Melissa Mark-Viverito Won’t Say Race Was a Factor in Eric Garner’s Death

Council Speaker Melissa Mark-Viverito. (Photo: NYC Council/William Alatriste)

Council Speaker Melissa Mark-Viverito. (Photo: NYC Council/William Alatriste)

Council Speaker Melissa Mark-Viverito would not declare that race was the factor in the death of Eric Garner, echoing comments Police Commissioner Bill Bratton made yesterday.

“I’m very disturbed by what has happened. I am not going to draw any conclusions yet,” Ms. Mark-Viverito told the Observer at City Hall today. “Obviously, training has to happen as has been indicated. I believe that justice has to be served here. What we’ve seen in the videos is very clear and so I’m not going to go beyond that at this point.”

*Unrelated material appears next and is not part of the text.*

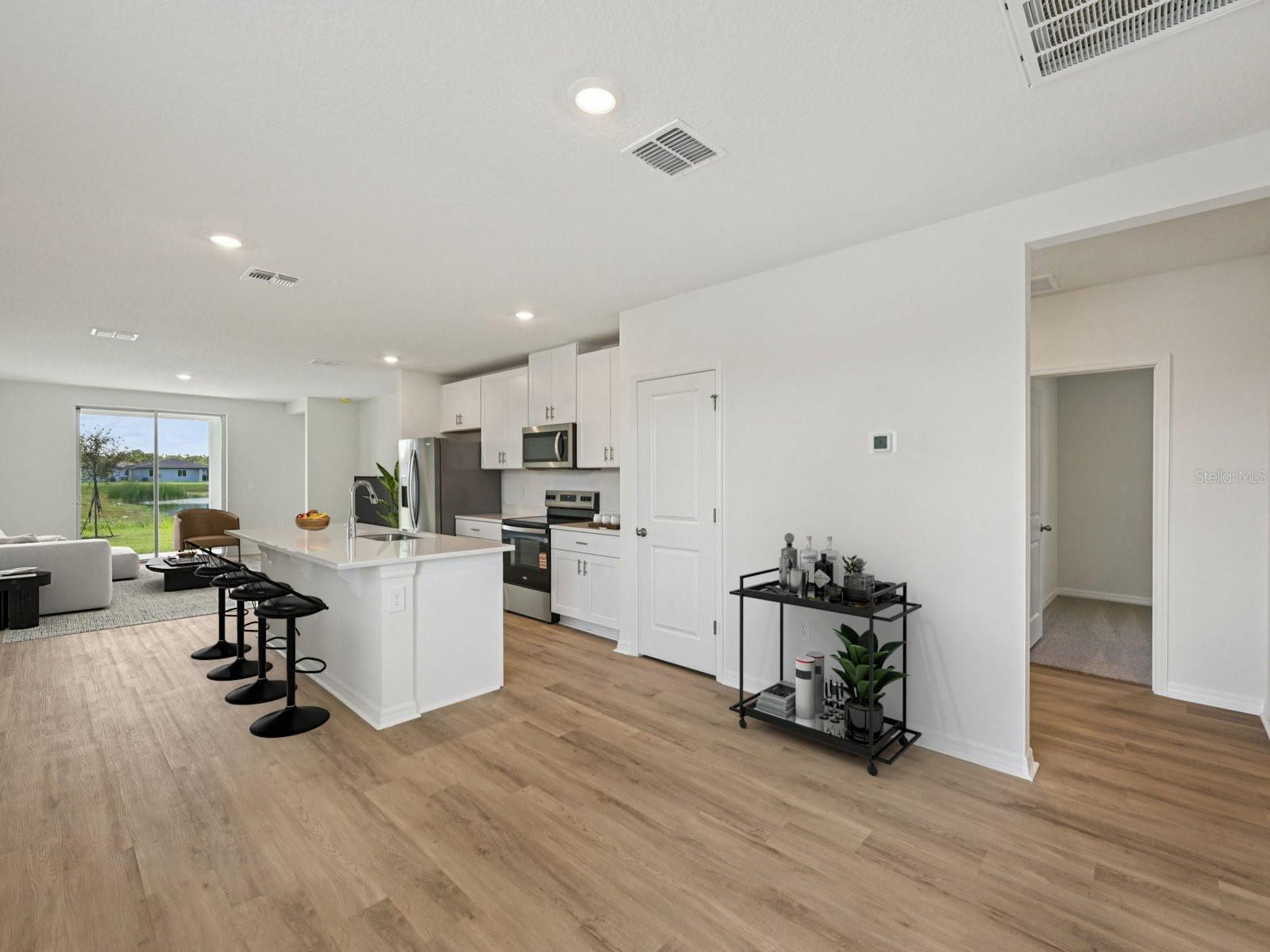 Interior photos are not of the actual home but are photos of the builder home with same floorplan with similar interior finishes and features. Photo uses virtual staging.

Ms. Mark-Viverito’s more tempered comments on Mr. Garner, a 43-year-old Staten Island man who died after police officers placed him in what appeared to be an illegal chokehold, were in stark contrast to what several elected officials charged at City Hall yesterday. Members of the council’s Black, Latino and Asian Caucus, along with State Senator Bill Perkins, hinted much more strongly that the death of Mr. Garner, who was black, had at least some tie to his race.

“The murder by a New York City Police Officer—maybe not in blue, undercover, once again—has raised a question of racism. I cannot believe that if this brother was not black that a chokehold would have been used against him,” Mr. Perkins, a Harlem Democrat, said yesterday.

Councilwoman Inez Barron agreed with Mr. Perkins at the rally.

“It doesn’t happen to white folks. It happens to black folks,” Ms. Barron said. (Her husband, former Councilman Charles Barron, has called for Mr. Bratton’s resignation.)

The encounter between Mr. Garner and police was caught on videotape. Ms. Mark-Viverito, unlike Public Advocate Tish James, would not say that all encounters between the police and civilians should be videotaped, implying that the monetary costs of such an undertaking may be too great.

“It’s something that’s been an ongoing conversation,” she said. “In terms of taping every interaction, I mean that’s going to be have to be discussed more thoroughly. There’s obviously costs involved and it takes a lot of additional resources to be there.”

The speaker attended a vigil for Mr. Garner yesterday and said she will attend a wake for him tonight.